Frekuensi perjalanan cukup tinggi, yakni 14 trip hari kerja dan 16 trip akhir pekan berkat KA Sribilah Fakultatif. Layanaan meliputi KA Putri Deli, Sribilah Utama, Sribilah Fakultatif, dan lokal Siantar Ekspres. Variasi kelas ekonomi hingga eksekutif memungkinkan stasiun menjangkau seluruh lapisan masyarakat dengan pilihan jadwal fleksibel.
KAI Bandara, anak usaha KAI, mulai 1 Juli 2026 menguji coba penambahan empat perjalanan PP Medan–Lubuk Pakam. Langkah ini memperkuat konektivitas ibu kota provinsi dengan pusat pemerintahan Deli Serdang, sekaligus embrio integrasi multimoda termasuk akses bandara. Sinergi antarentitas KAI Group memberikan nilai tambah bagi pengguna akhir.
Pertumbuhan ini patut dilihat dalam konteks revitalisasi jalur kereta api Sumatera oleh pemerintah. Keberhasilan ridership Lubuk Pakam membuktikan investasi fasilitas dan frekuensi berdampak ekonomi multiplier bagi kabupaten penyangga kota besar.
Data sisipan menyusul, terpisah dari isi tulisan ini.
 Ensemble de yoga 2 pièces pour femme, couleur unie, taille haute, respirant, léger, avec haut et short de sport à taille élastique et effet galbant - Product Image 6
Model ini berpotensi direplikasi di stasiun lain di luar Jawa untuk dorong pemerataan pembangunan.
Ke depan, Stasiun Lubuk Pakam diproyeksikan jadi pusat integrasi transportasi andal di koridor timur Medan. Usia lebih satu abad dan posisi strategis memberi modal menjadi node transit-oriented development. Kolaborasi KAI, pemda, dan stakeholder akan menentukan keberlanjutan tren positif serta ketahanan mobilitas regional Sumut di era digital.